= Mohammad Mahbubuzzaman =

Bangladeshi politician

Mohammad Mahbubuzzaman was a Bangladeshi bureaucrat, Cabinet Secretary, and government minister.

== Early life ==
Mahbubuzzaman was born on 25 November 1929 in Rajshahi, Rajshahi District, East Bengal, British India. He graduated from Rajshahi Loknath High School. He studied at Tejgaon Agriculture College and worked as the superintendent of Dhaka Farms.

==Career==
In 1954, Mahbubuzzaman joined the Pakistan Civil Service. He served as the sub-divisional officer of Nilphamari District. He served as the deputy commissioner of Rangpur District. He has served as the registrar of the Department of Cooperatives.

Mahbubuzzaman is a former chairman of the Bangladesh Tea Board. He was the second person to become secretary at the Ministry of Public Administration. He went on to become secretary of the Ministry of Home Affairs. On 24 November 1986, he retired from the civil service.

Following the death of the member of parliament of Naogaon-3, Mohammad Baitullah, Mahbubuzzaman contested the following by-election and was elected to parliament.

Mahbubuzzaman was the cabinet secretary of during the government of General Hussain Mohammad Ershad. He joined the cabinet of Ershad after retiring from government service, as a minister.
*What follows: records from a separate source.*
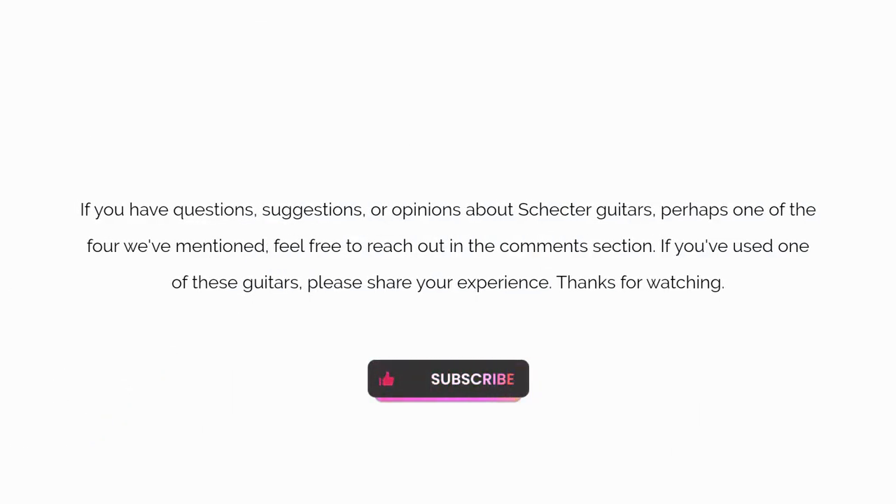If you have questions, suggestions, or opinions about Schecter guitars — perhaps one of the four we've mentioned — feel free to reach out in the comments section.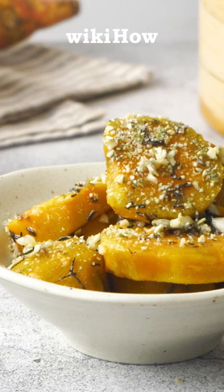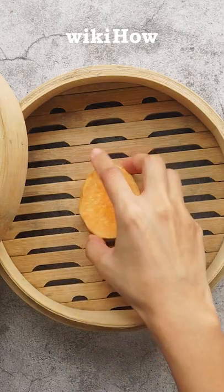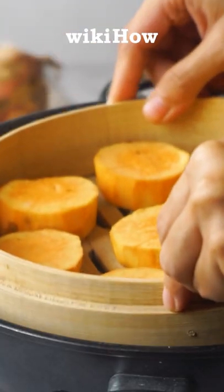To make steamed sweet potatoes, cut peeled sweet potatoes into chunks. Then place the chunks on a steam tray and set the tray over a pot of water.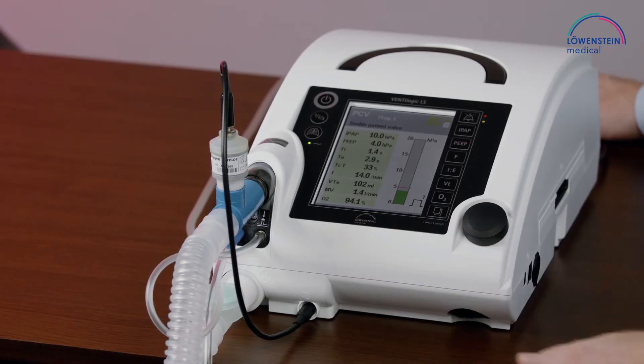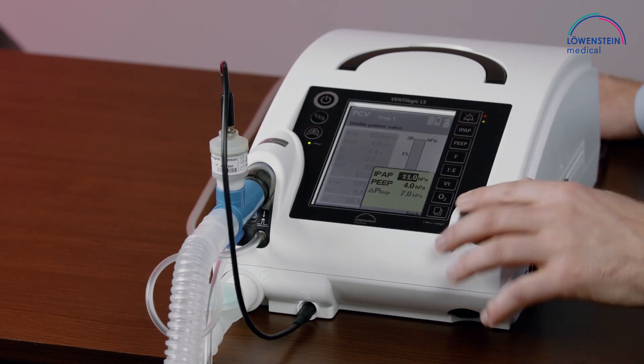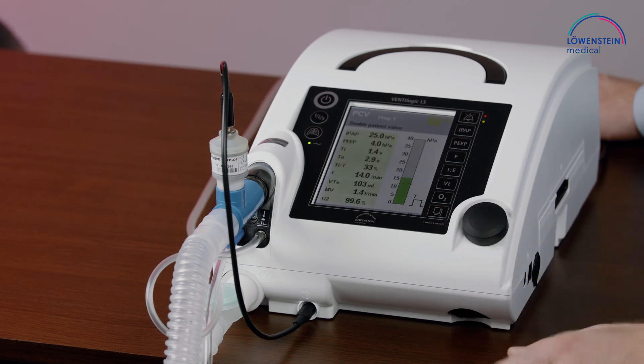We will see the FiO2 at a very low pressure level, and after that I will increase the IPAP to a normal level, or to a much higher level of 25 hectopascal, and we will see the resulting FiO2. It's 99% and still increasing, but I will now increase the IPAP to 25. Much higher pressure — and the FiO2 will drop to about 70%.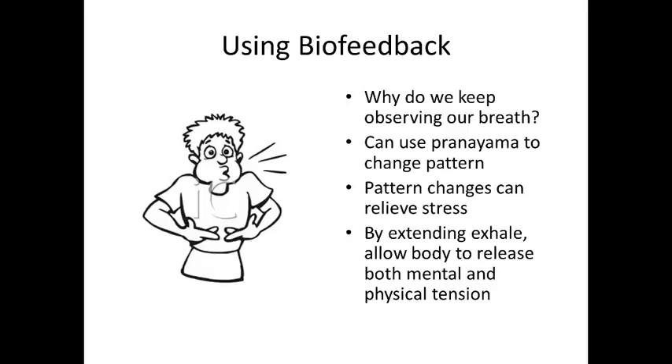Hopefully you've noticed in your homework — during things like breath counting or the victorious breath — that you feel better afterward: a release of tension and stress. Particularly by extending our exhales, we can allow our body to release both mental and physical tension. The exhale is important because it releases carbon dioxide, a waste product — that's one form of physical release — but extending the exhale can also help release mental, spiritual, or emotional tension.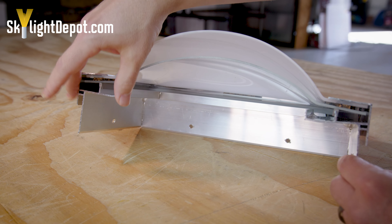You have your retaining frame that's pushing down, squeezing the inner and outer dome together with the base frame.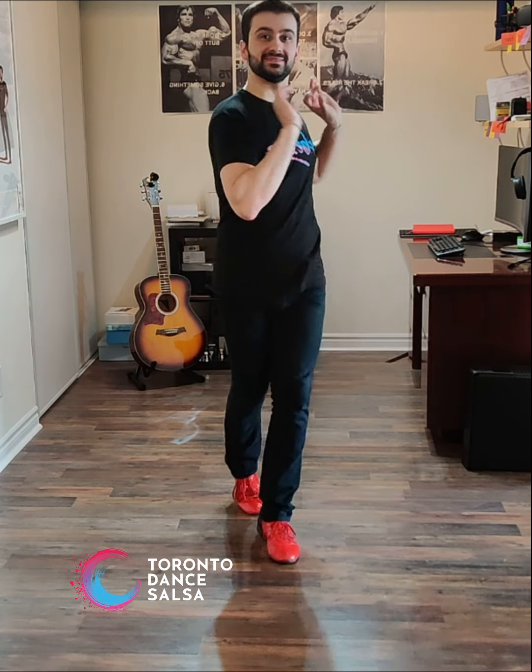Reverse turn. Side basic. Forward. Right now. And right. Do it. Basic. Reverse turn. Two more times. Woo! And basic. Box, step, hit. Make a box.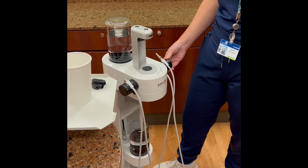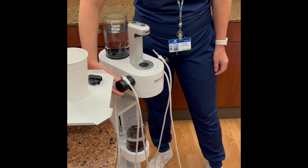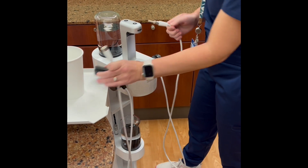Turn water up to the highest setting of 10 by turning the dials on each side of the unit. Remove both hoses from the unit and insert them into the purging cap.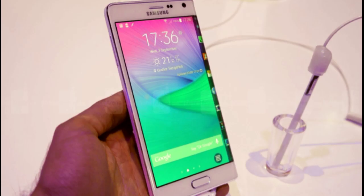Hey guys, in this video I'll take a quick look at the official hands-on photos of the Samsung Galaxy Note Edge. It's a pretty amazing phone, and this kind of technology was something Samsung was talking about almost two years ago, and now it's finally here.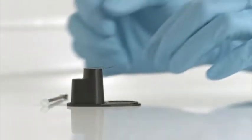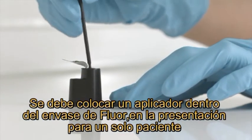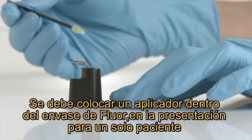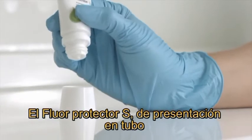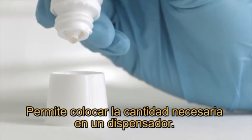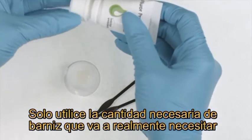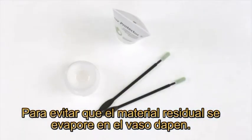Remove the required quantity of varnish. It is recommended that you briefly dip the applicator into the fluid once if you use a single dose unit. The Flor Protector S tube enables you to dispense the material exactly in the desired quantity. Only use as much varnish as you really need, to prevent residual material from drying out in the dappen dish.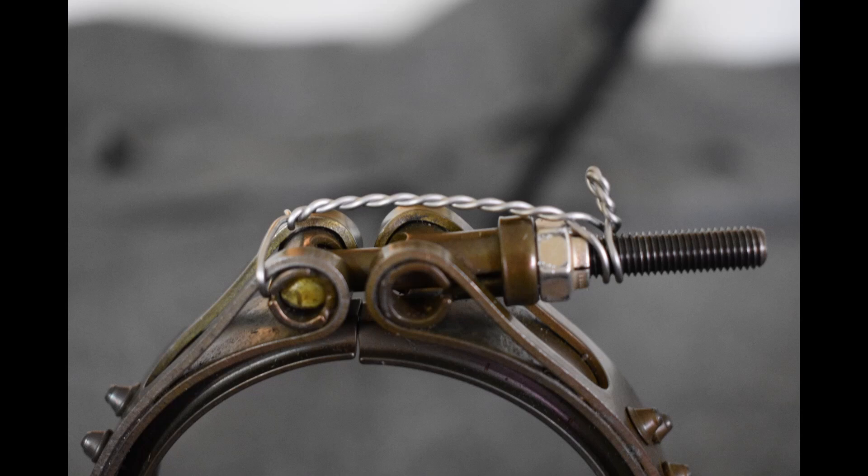Up on the screen now you can see some incorrect methods for lock wiring that we commonly see on these clamps. On this first example, you can see that it was done from one side of the clamp straight over to the t-bolt itself. In the event that the t-bolt were to break, depending on the point at which it broke, that clamp would still be able to come loose.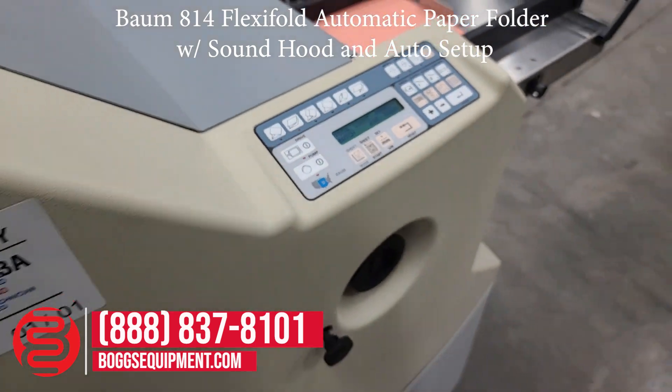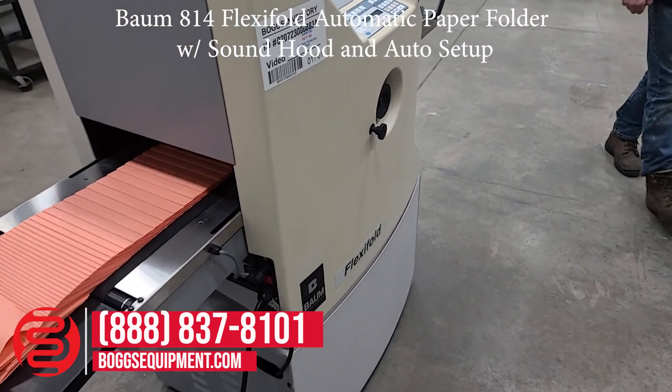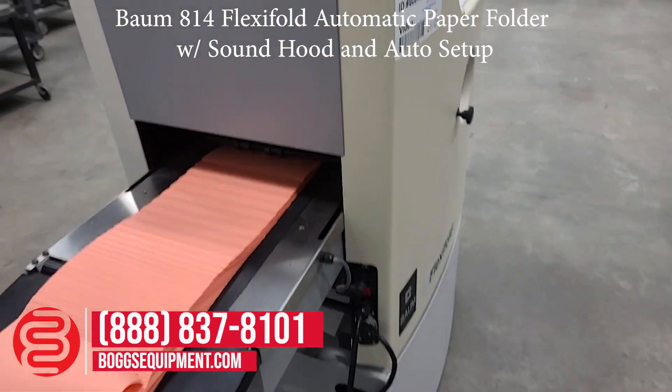If you have any questions about specifications on the machine, please visit the Baumfolder website or contact sales.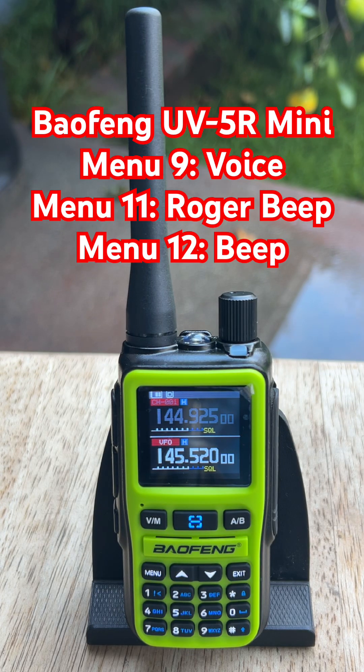If you've been using the Baofeng UV5R Mini for a while, you already know it loves to make noise. Some folks don't mind it, but if you're like me, some of them bother you. The voice prompts, the Roger Beep — the one that doesn't bother me — and that constant keypad beep get old fast. None of these settings affect how the radio actually works. They're just personal preferences.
He served as the Minister of Agriculture from 1988 to 1990.

In the 1990s, Mahbubuzzaman was the first chairman of Social Marketing Company and chairman of Aziz and Company. He was a member of the Retired Government Employees Welfare Association and Bangladesh Medical Studies and Research Institute.

==Personal life==
Mahbubuzzaman has two sons. His eldest son, Colonel Mohammad Anisuzzaman, was the Bangladesh Rifles Mymensingh Sector Commander. His younger son, Md. Ahsan-uz Zaman, lives in United States, he served as Managing Director & CEO of Midland Bank PLC in Bangladesh and currently serves as the Chairman of Midland Asset Management Ltd. He also held executive positions across private Commercial banks in Bangladesh and previously worked in JPMorgan Chase Bank and Bank of America.Colonel Mohammad Anisuzzaman was killed in the 2009 Bangladesh Rifles Mutiny.

==Death==
Mahbubuzzaman died on 3 March 2008. He was buried in Banani military graveyard. In 2009, Prime Minister Sheikh Hasina awarded him Krishibid award posthumously. A neighborhood of his village was named after him and Sapahar Zaman Nagar Girls High School was founded after his name.